Stanley 'Tookie' Williams has urged young people to shun street violence and written children's books while in prison, and is due to die by lethal injection early Tuesday at San Quentin prison near San Francisco.
His case has sparked protests and pleas for his life to be spared from supporters who say the 51-year-old is a changed man, including celebrities like Oscar-winning actor Jamie Foxx, rapper Snoop Doggie Dogg and civil rights leader the Reverend Jesse Jackson.
'We must kill the idea of killing as a solution. The eyes of the world are upon us,' Jackson told a news conference at his Chicago headquarters Saturday, the Chicago Tribune reported.

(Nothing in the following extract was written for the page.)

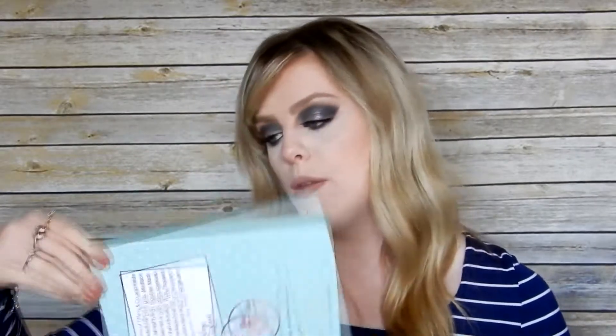Hey y'all, welcome back. Today I'm going to be doing a review and demo on the Madison Miller brush set. I got these in an Ipsy offer. They're from the brand SL Miss Glam. I'll link that website down below.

Schwarzenegger, who can commute the Crips gang co-founder's sentence to life in prison, said he faces a difficult decision.
Los Angeles City Council appealed to city residents to stay calm, if Williams is executed. Authorities fear rioting, especially in the South Central neighbourhood where blacks rose up in 1965 and 1992, the Los Angeles Times reported Friday.
Schwarzenegger on Thursday heard 11th-hour appeals from lawyers for Williams and from prosecutors, who oppose clemency. As governor, the former 'Terminator' movie star has rejected clemency appeals for two other death row inmates.
California's supreme court refused on December 1 to stay Williams' execution, leaving his fate in the Austrian-born politician's hands.
Williams was convicted of murdering four people in two robberies in 1979. He has expressed regret for being a gang leader in the 1970s, but denies taking part in the robberies.
He founded the Crips street gang in Los Angeles in 1971. Hundreds of people were killed in urban warfare between them and the rival Bloods and Los Angeles drug dealers.